Robert: Hadoop is really very powerful as the way to concentrate and analyze information, so the key issue is how the information from existing transactional data stores gets added to Hadoop without implying additional load, application changes, or repetitive dump processes.

From our existing customer deployments, we know that the biggest challenge is getting the information into Hadoop as quickly and timely as possible from multiple different hosts simultaneously. Our customers often have many more transactional hosts running MySQL than they have Hadoop hosts, just because the scale-out and sharding required to support their transactional needs is so high.

Roger: What are the key pain points?

Robert: The key pain points are therefore the extraction of data from the transactional stores without implying additional load on these servers which are running their live customer facing website, while simultaneously loading large quantities of data that needs to be merged and analysed on the Hadoop side.

The replication solution based on Tungsten Replicator provides this very simply by placing a very low-level of load required for extraction of data, while continually streaming the changes over into Hadoop. Because this can be done on a server or cluster basis, it is easy to scale up the replication of data into Hadoop by adding more streams of replication data.

Roger: How critical is the real-time aspect of modern IT? How quickly is it growing?

Robert: It's growing very quickly, and in some cases quicker than some company IT departments and the technology they support are able to cope. Replication has for a long time been the solution for this scale-out process, but the flows of this replication data are changing.

One of the key drivers behind the adoption of Hadoop and Cassandra and similar databases is the ability to parallel process the data to get numbers in real-time. You can see this in a wide range of different markets, from banking, through to social networking and online stores.

As we get access to more information, the services supporting them need to support that an ever faster rate. We all want the lowest rate on my plane ticket purchase, while receiving the absolute best benefits and service, and all those different elements rely on real-time analysis.

Roger: What does IT think of this?

Robert: Of course, this also presents a completely different problem for the IT departments. They must deal with how to get the data into a system so that it can be analyzed quickly. The location for your active transactional dataset is not the same as your analysis tools, and may be based on completely different quantities of raw data.

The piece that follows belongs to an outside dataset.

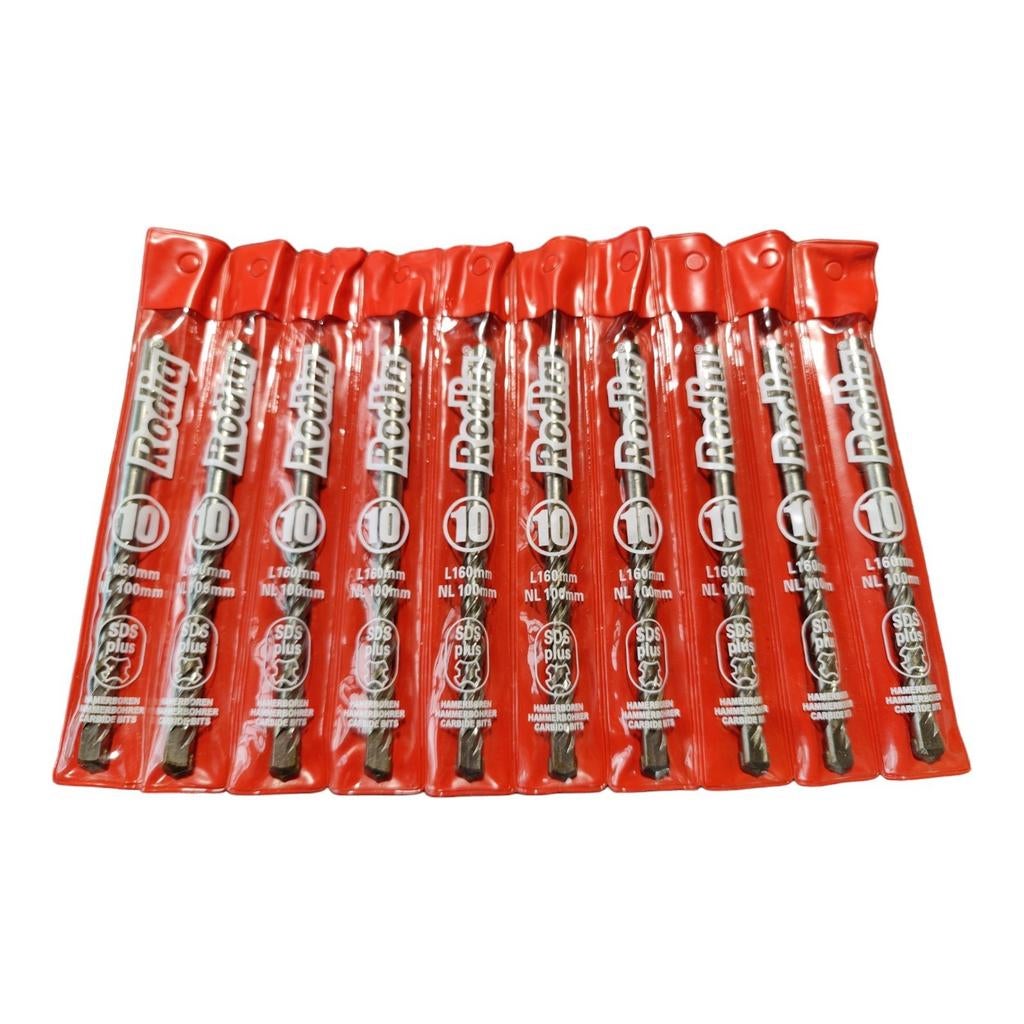 Nieuwe Rodia SDS plus boren vele diameters en lengtes., Doe-het-zelf en Verbouw, Rodia, Rapperdsweg 7, Nieuw, Ophalen of Verzenden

Transactional databases might be conveniently sharded into 50 or 100 different RDBMS of 100GB each, but analysis needs to process all 10,000GB of data collectively to get meaningful information. That means that the IT infrastructure needs an effective way to combine and transfer this active data.

It's also clear from recent advancements in querying and processing techniques built on top of Hadoop that Hadoop itself is moving into a more real-time tool. Spark, Storm and other query engines provide very fast query and analysis on very large datasets, taking advantage of the distributed nature of Hadoop, and the increasing RAM and CPU power in evolutions of new hardware. Compatibility with Spark and similar live query mechanisms in Hadoop will form a key part of the next evolution of all Hadoop deployments.

Roger: How key is the role of Big Data in developing your solutions? How important is the term Big Data to you?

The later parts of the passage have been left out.